In actual fact the last witch trial was in the 1940’s in England when a woman was hanged for claiming to be able to contact dead servicemen for their widows and in the practice of this she revealed some official secrets. This attracted the wrath of the authorities.
Without writing out ten thousand pages, I will merely make a few inelegant comments on them. Firstly, the lands that the Muslims at the time occupied were previously Christian lands, largely because Islam wasn’t even invented until around 600AD.
The Crusades were in response to the fall of Jerusalem. Christians pilgrims were denied the right to visit their holy sites, and the Christian world responded by aiming to provide unmolested passage for these pilgrims to the holy land.

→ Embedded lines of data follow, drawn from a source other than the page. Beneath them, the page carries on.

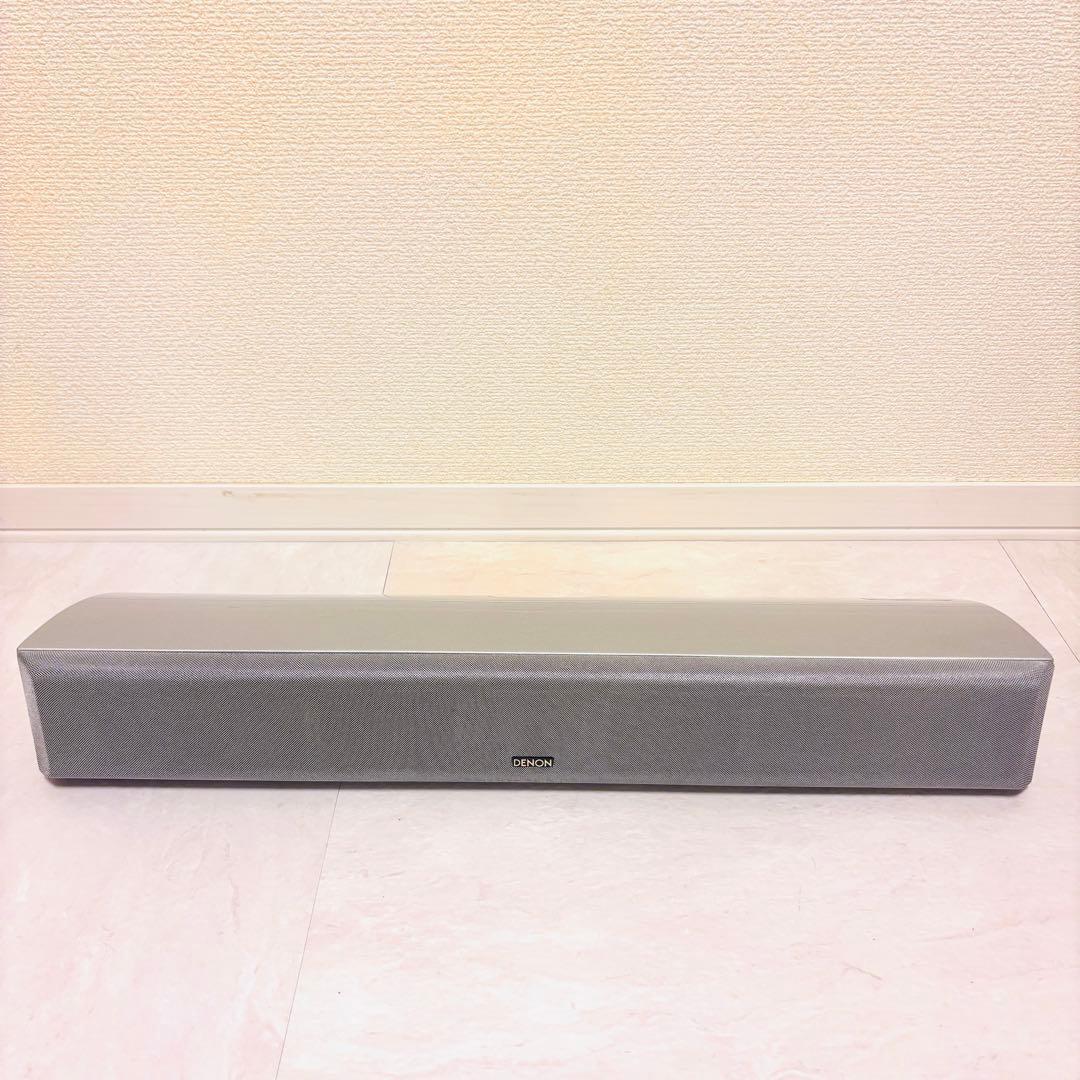 【美品】DENON SC-C7L センタースピーカー シルバー 動作音質良好
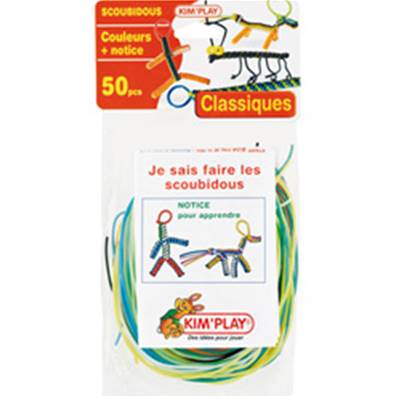 Sachet 50 Scoubidous avec Notice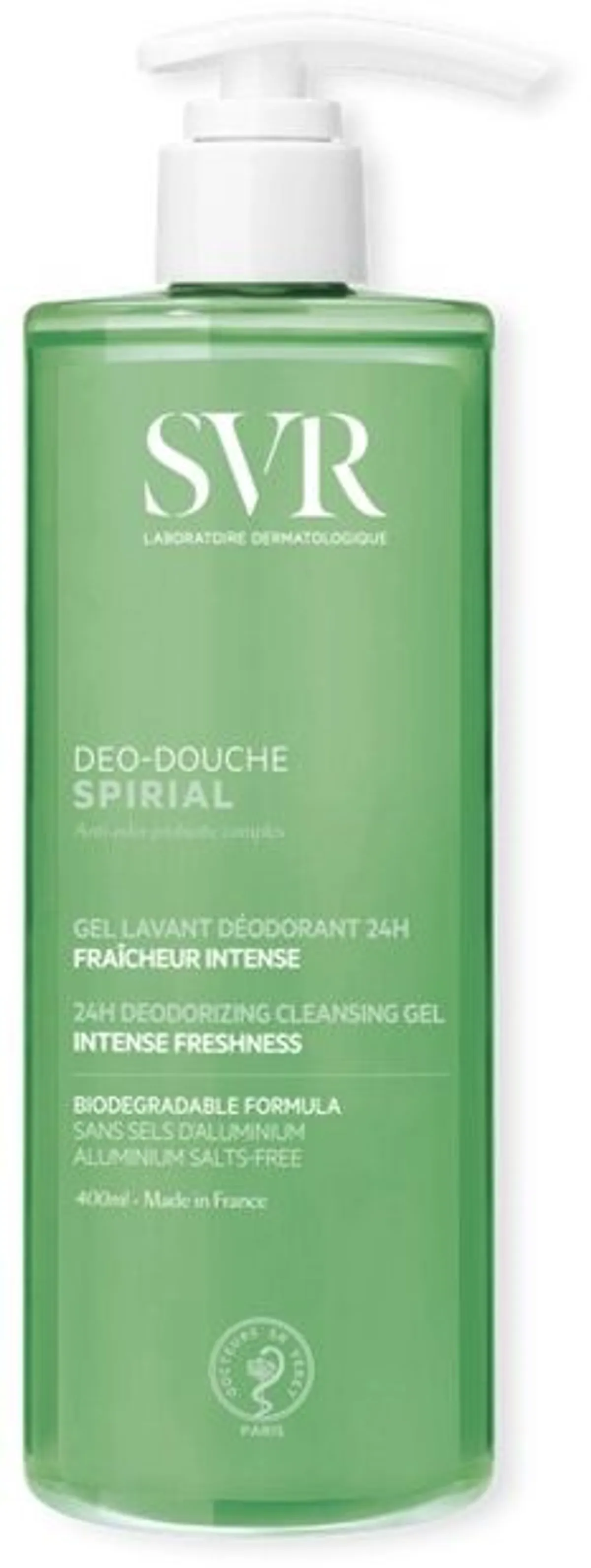 SVR Spirial Gel Moussant 400ml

Whether the waging of a war is ever justified, is an issue that will never be resolved? Can Christians fight in self defence? Sure, but what constitutes self defence? Can I fight in defence of my neigbour? What if my neighbour is half way around the world and I must fight many people along the way?

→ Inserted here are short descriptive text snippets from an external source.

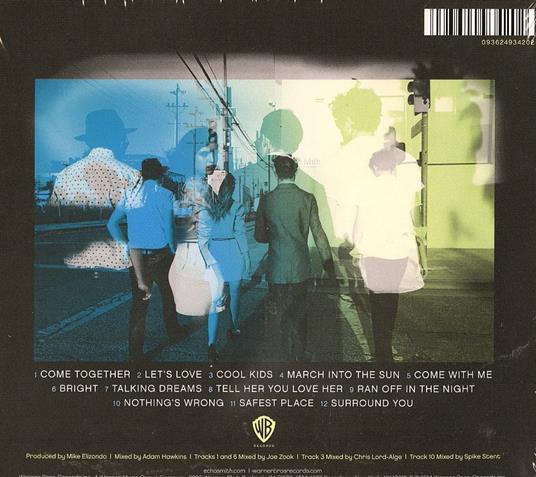Talking Dreams - CD Audio di Echosmith - 2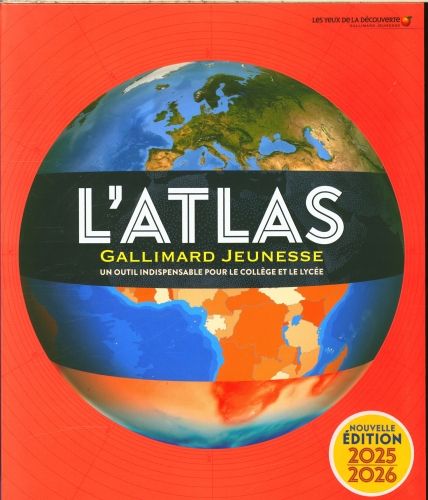 Produktbild: L'atlas Gallimard jeunesse 2025-2026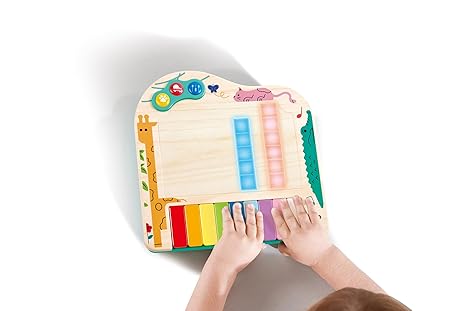 Hape Dynamic Pixel Piano E0635 - Colorland Toys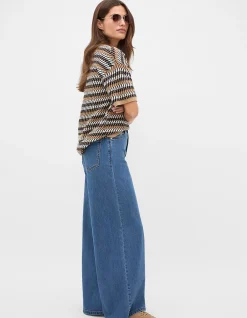 TEXTURED LUREX KNIT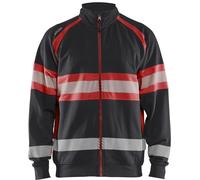 Blåkläder Arbeitsjacke Veste sweat haute visibilité 35511158 XS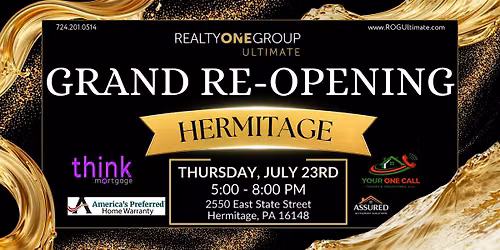 Realty ONE Group Ultimate Grand Re-Opening Hermitage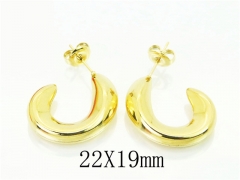 HY Wholesale Earrings 316L Stainless Steel Earrings-HY05E2056HZL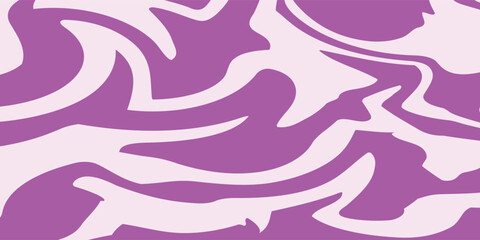 Vibrant pink wavy abstract pattern for creative backgrounds and modern design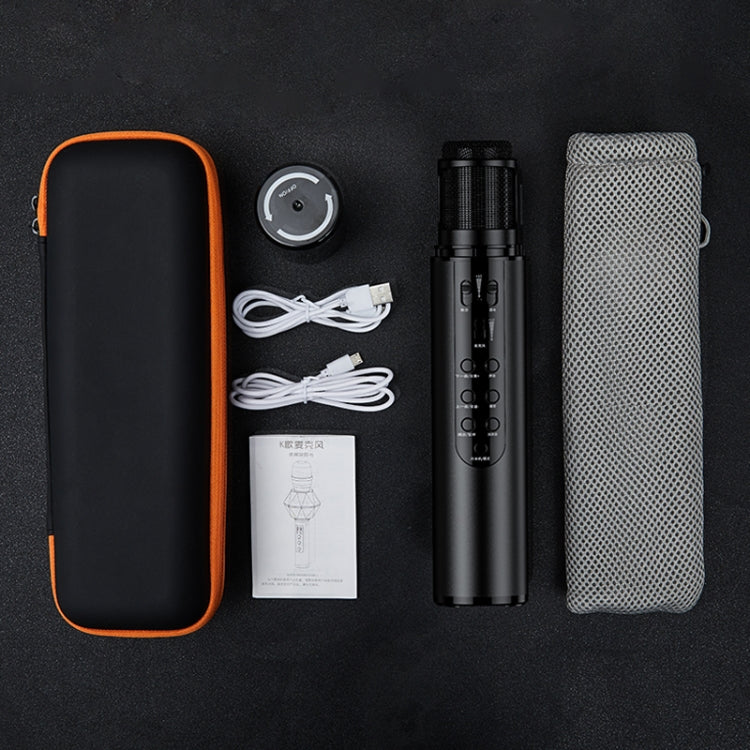 K1 Bluetooth 4.2 Karaoke Live Stereo Sound Wireless Bluetooth Microphone - HoMEdemic™ 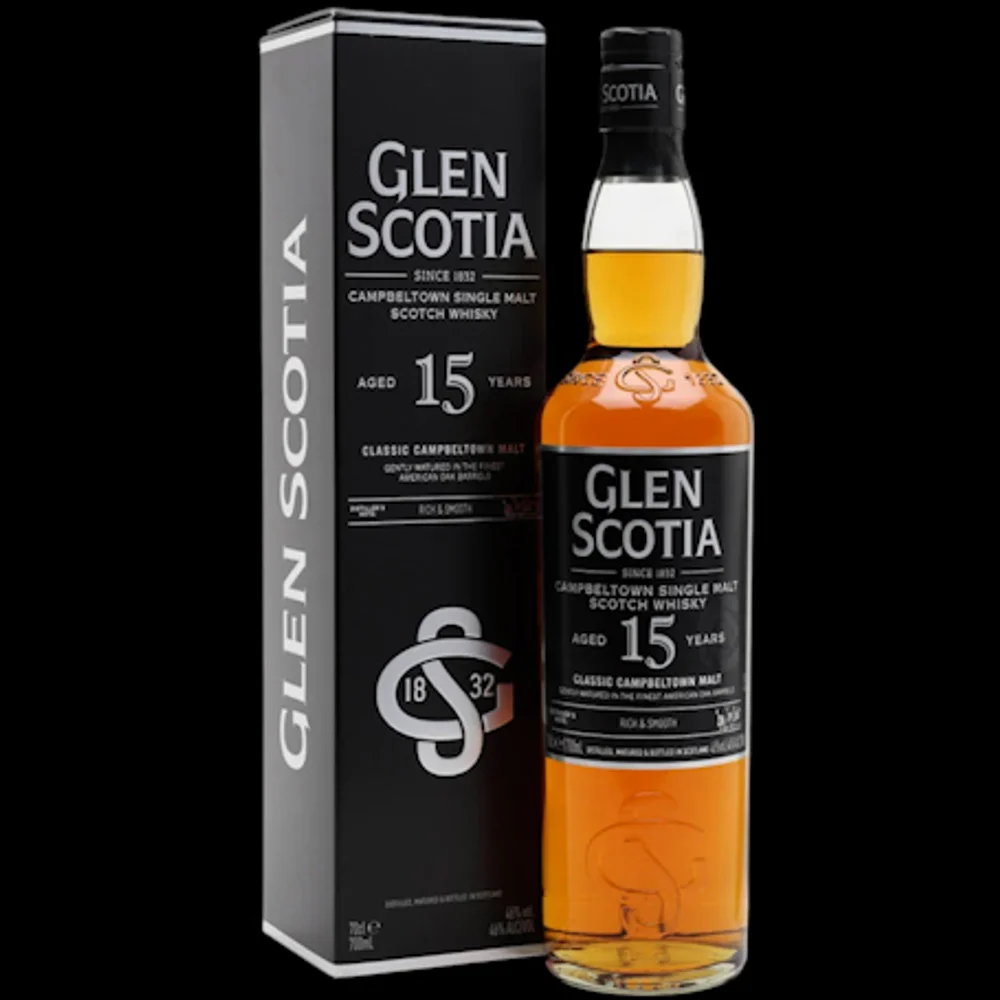 Botella de Glen Scotia 15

Let’s agree that these practices of witch burning and waging wars are not Christian.
My point is that a Christian man killing someone merely because of his religion is not behaving as a Christian is taught in his holy book. Whereas a Muslim man doing the same thing is behaving as a Muslim is taught in his holy book. He is acting as Mohammed did, and he is fully in the belief that he will go to heaven for it.

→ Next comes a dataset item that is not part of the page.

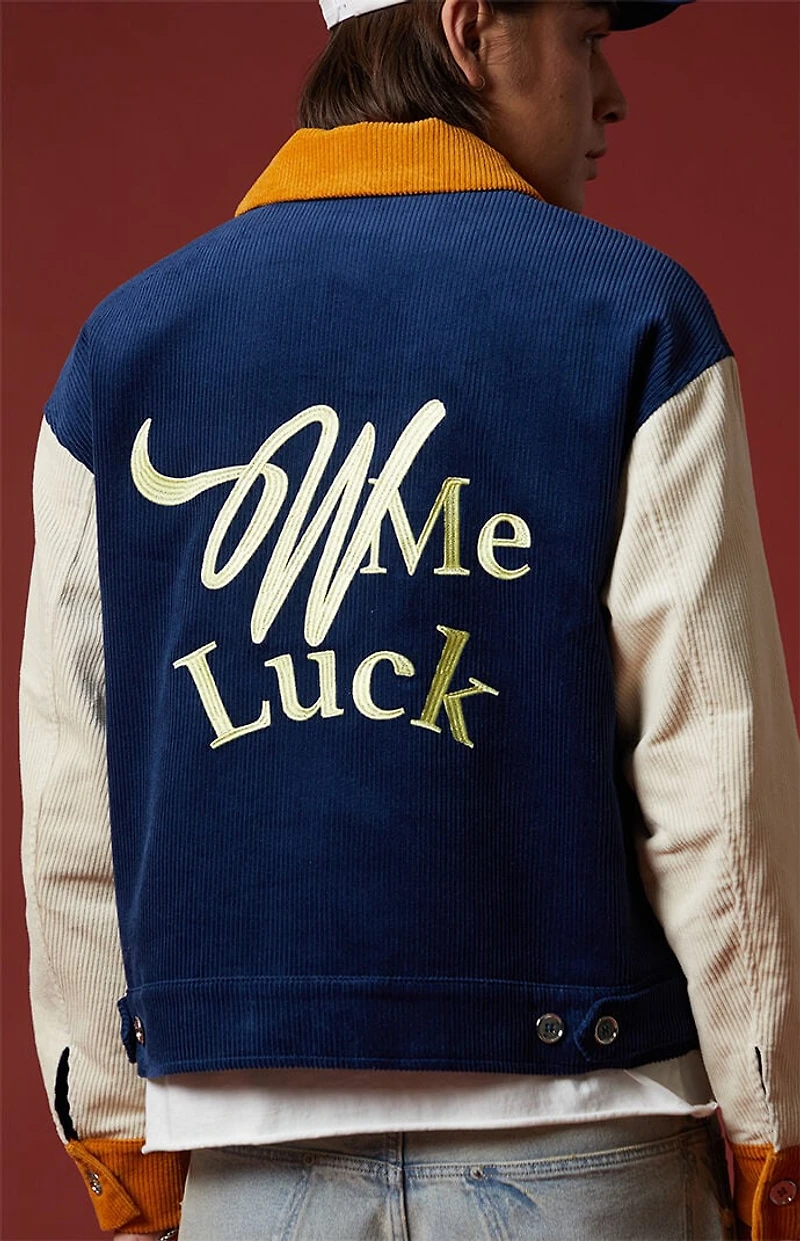 WISH ME LUCK Leaders Corduroy Jacket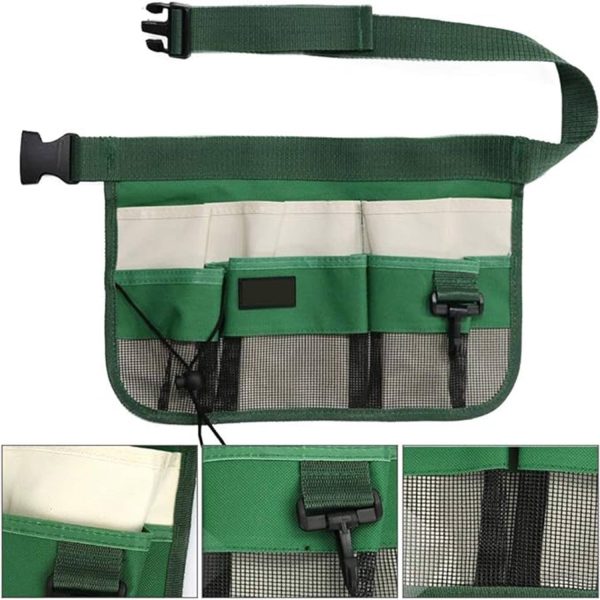 Adjustable Gardening Tool Waist Bag Belt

Although the world is trying to encourage “moderate” Islam, it is difficult to do so, when their Prophet was not a moderate man.
Don’t get me wrong, I do not hate people for being Muslims, I do however feel the religion is misogynistic, anti-semitic and violent.
Now you could argue that the established Christian Church, (let me use Catholicism as an example) is misogynistic, as men and women have different roles and women are not entitled to enter the priesthood. Perhaps women should be Priests, because perhaps Jesus only had male disciples in order to be accepted at the time? But women are not treated as property of their husbands, and they are not made to cover their faces through fear of making other men lose control.
The Catholic Church especially could be considered anti-semitic, with the long history of persecution of the Jews, yet Jesus never taught people to treat the Jews badly, so this behaviour was un-Christian. As so many verses from the Koran state, much like the one that initiated this thread, the Jews are a hated enemy of the Muslims; and as such they are persecuted and always will be.
The recurring theme in all this is that although Christians and Muslims may both commit acts purportedly in the name of their religion, the Christians are not following the “word of God” whereas in many cases the Muslims are.
You may find my view outrageous and racist/Islamophobic/right-wing, but I am not condeming a race or an individual, I am condemning an idea, and a belief system, a bunch of spiritual rules by which people live their lives.